Mar 19, 2026
Protocol for Live-Cell Imaging of Astrocytes Exposed to HiLyte™ 488-labeled Human Recombinant α-Synuclein
- Elena Coccia1
- 1Icahn School of Medicine at Mount Sinai
Protocol Citation: Elena Coccia 2026. Protocol for Live-Cell Imaging of Astrocytes Exposed to HiLyte™ 488-labeled Human Recombinant α-Synuclein. protocols.io https://dx.doi.org/10.17504/protocols.io.261ge1jowv47/v1
License: This is an open access protocol distributed under the terms of the Creative Commons Attribution License, which permits unrestricted use, distribution, and reproduction in any medium, provided the original author and source are credited
Protocol status: Working
We use this protocol and it's working
Created: February 12, 2026
Last Modified: March 19, 2026
Protocol Integer ID: 243130
Keywords: astrocytes, live-cell imaging, α-synuclein, HiLyte™ 488, Hoechst 33342, synuclein on astrocyte, synuclein this protocol, cell imaging of astrocyte, synuclein, astrocyte, cell imaging, cell imaging at various time
Abstract
This protocol aims to investigate the effects of HiLyte™ 488-labeled human recombinant α-synuclein on astrocytes by performing live-cell imaging at various time points post-exposure.
Materials
96-well plate (Tissue culture treated)
Gelatin (0.1% solution) - 10 mL
Astrocyte media (AM media) - 200 mL
Mature astrocyte media (Specific formulation for astrocytes)
Reagents:
Protein HiLyte™ 488-labeled human recombinant α-synuclein - Fluorescently labeled protein for imaging
Stain Hoechst 33342 - DNA stain for cell nuclei visualization
Troubleshooting
Problem
Cells do not adhere to the plate
Solution
Ensure gelatin coating is applied correctly and not dried out.
Problem
Low fluorescence signal
Solution
Check the concentration of α-synuclein and Hoechst; ensure proper storage conditions.
Safety warnings
Handle all reagents and materials according to safety data sheets. Use personal protective equipment (PPE) including gloves and lab coats. Dispose of all waste according to institutional guidelines.
Cell Plating
Astrocytes are plated at a density of 10,000 cells per well in a 96-well plate coated with 0.1% gelatin.
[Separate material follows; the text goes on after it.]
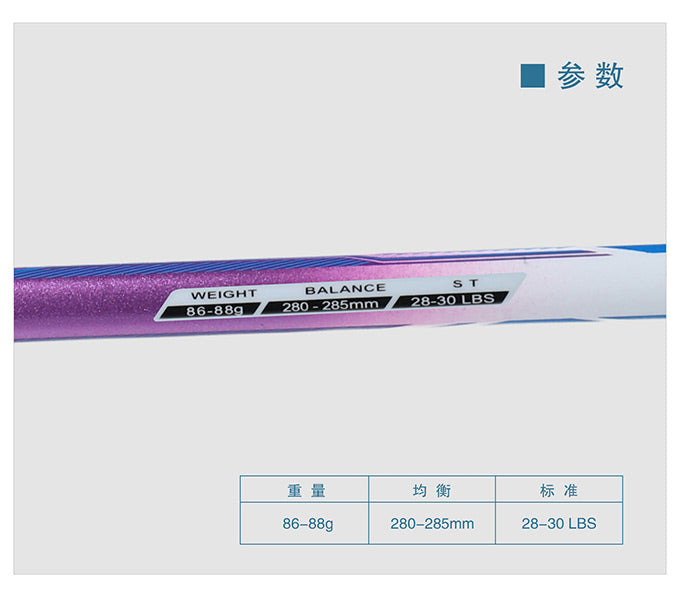 JF T-SHOCK AK74 Badminton Racket Toray T700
Preparation of Gelatin Coating
1. Prepare a 0.1% gelatin solution by dissolving 0.1 g of gelatin in 100 mL of sterile PBS. 2. Add 100 µL of the gelatin solution to each well of the 96-well plate and incubate at room temperature for 1 hour. 3. Remove the gelatin solution and wash the wells with 200 µL of sterile PBS.
Plating Astrocytes
1. Collect astrocytes with Tryple and prepare a cell suspension of astrocytes and count cells 2. Add 100 µL of the cell suspension to each well of the gelatin-coated 96-well plate.
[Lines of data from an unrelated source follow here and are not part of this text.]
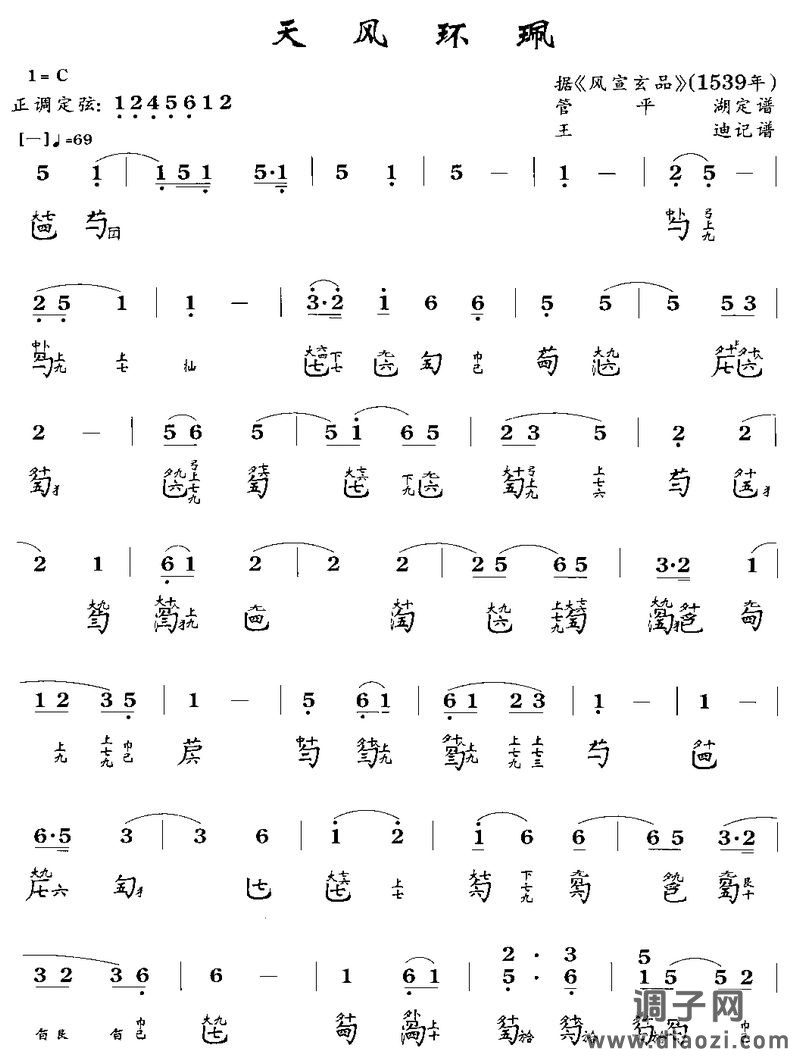 天风环佩(古琴曲谱)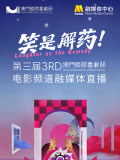 中文字幕欧美在线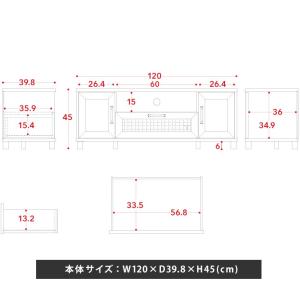 テレビ台 ローボード 北欧 白 収納 引き出し...の詳細画像1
Media Change and Treatment
After 24 hours, change the media to mature astrocyte media and treat the cells.
Media Change
1. Aspirate the old media from each well and add 100 µL of mature astrocyte media.
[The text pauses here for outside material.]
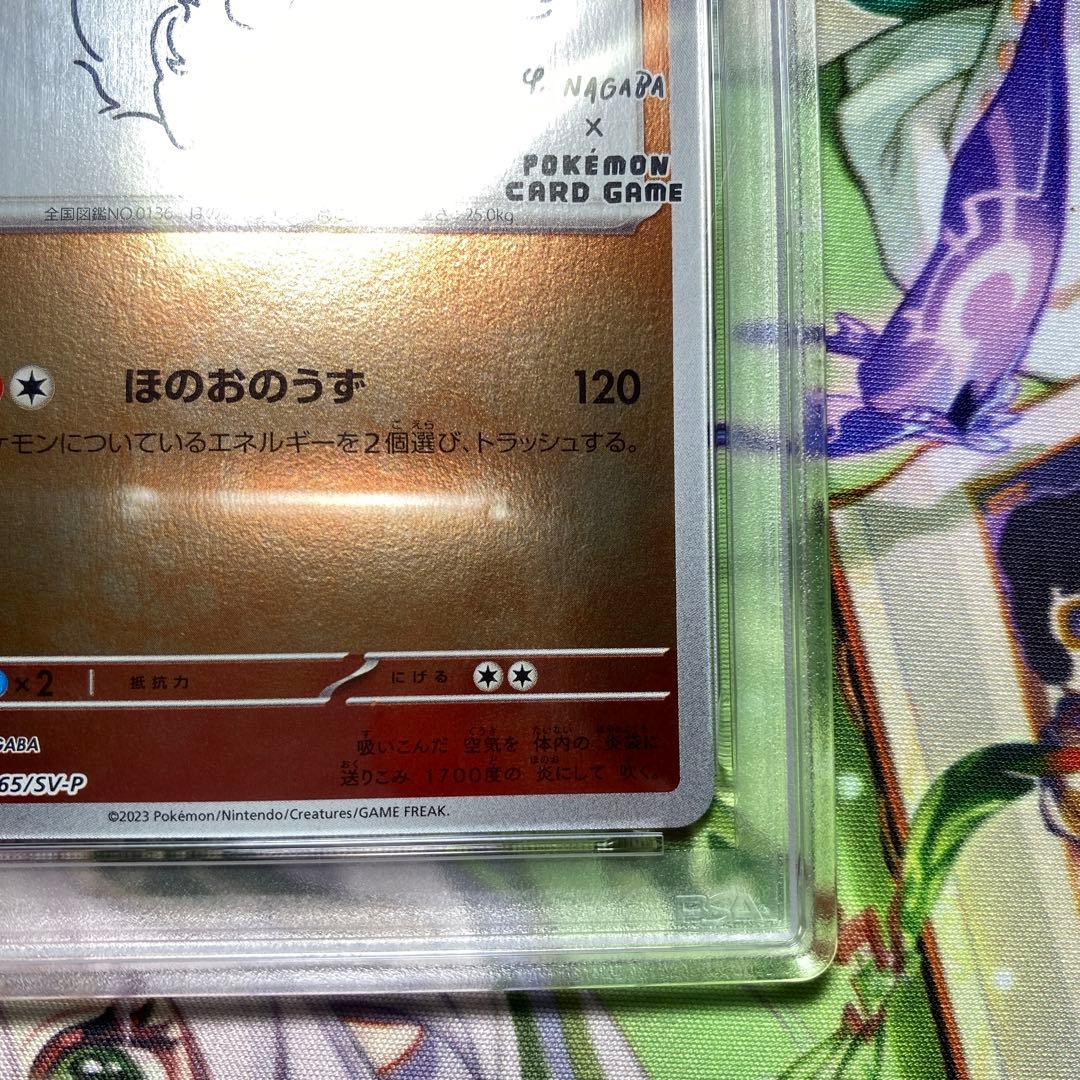 【PSA10】ブースターYU NAGABA ポケモンカード PROMO SV-P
Treatment with α-Synuclein and Hoechst
1. Prepare a working solution of HiLyte™ 488-labeled α-synuclein at a concentration of 2 µg/mL in mature astrocyte media. 2. Add 100 µL of the α-synuclein solution and 10 µL of Hoechst 33342 (10 µg/mL) to each well.
Live-Cell Imaging
Perform live-cell imaging at specified time points (3, 6, 12, and 24 hours post-treatment).
Imaging Procedure
1. At each time point, remove the media and wash the cells with 100 µL of pre-warmed PBS. 2. Add 100 µL of fresh mature astrocyte media to each well. 3. Place the plate in a fluorescence microscope and capture images.
Final Media Change
After the last imaging session (24 hours), change the media again.
1. Aspirate the media and wash with 100 µL of PBS. 2. Add 100 µL of fresh mature astrocyte media.